Tuesday, June 21, 2011

Imported wine in a new goblet?

On Monday 20th of June 2011,  the Bank of England and Financial Services Authority published a joint paper titled 'Our future approach to insurance supervision'
The to be formed Prudential Regulatory Authority (PRA) has among its objectives:
  • Protection for policyholders
  • Protection of the system from individual Insurer failures
Sales Suitability will be monitored by Financial Conduct Authority (FCA).


In the introduction section of the paper, among other things, FSA speaks of inadequacy of reserves as a recurring theme in past organizational collapses like Equitable Life (2000) and AIG (2009). But is it the adequacy of the reserves or the approach to investment of the reserves that should be looked at? Hope the underlying aim is that of a principle based regulation rather than a rule based one.

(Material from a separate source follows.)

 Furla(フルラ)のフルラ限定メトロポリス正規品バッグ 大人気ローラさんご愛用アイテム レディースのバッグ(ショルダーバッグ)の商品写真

The report also details a Risk Assessment Framework with eight areas of evaluation of the risk viz., Impact of the firm on the policy holders and the system, External context, Business risks, Operational risk controls, Risk Management and governance, Financial Liquidity, Capital and Resolvability (Closing down). Stress testing, Audit, are mentioned as ways to assess the evaluation criteria.


I am not seeing anything ground breaking here. I am left wondering whether the AIG type of collapse can still happen under the proposed structure.

Friday, June 17, 2011

We don't want to learn from experience!!

In a Hearing before the House Financial Services Committee on June 16, 2011, Barry Zubrow, Chief Risk Officer, JPMorgan Chase & Co. uttered the following:

"None of the world’s five largest banks is a U.S. bank. U.S. banks represent 24 percent of the market share of the 50 largest global banks, down from over 50 percent only eight years ago; Chinese banks now hold 22 percent.
.........
If large U.S. banks are hobbled by uneconomic capital levels or risk restrictions, a U.S. company is not going to turn to smaller U.S. banks to underwrite a €1 billion debt offering paired with a euro/dollar swap, or to lend it $200 million, or to provide custody services for a new overseas subsidiary; rather, it is going to turn to our foreign bank competitors."

He was articulating that regulation is going too far.
I guess it is forgotten that eight years ago, the regulations were not as much as it is now. Even with the lower than current level of regulations that were existing the US banks managed to bring down their importance in terms of market share. It looks like Barry is arguing against his own case!!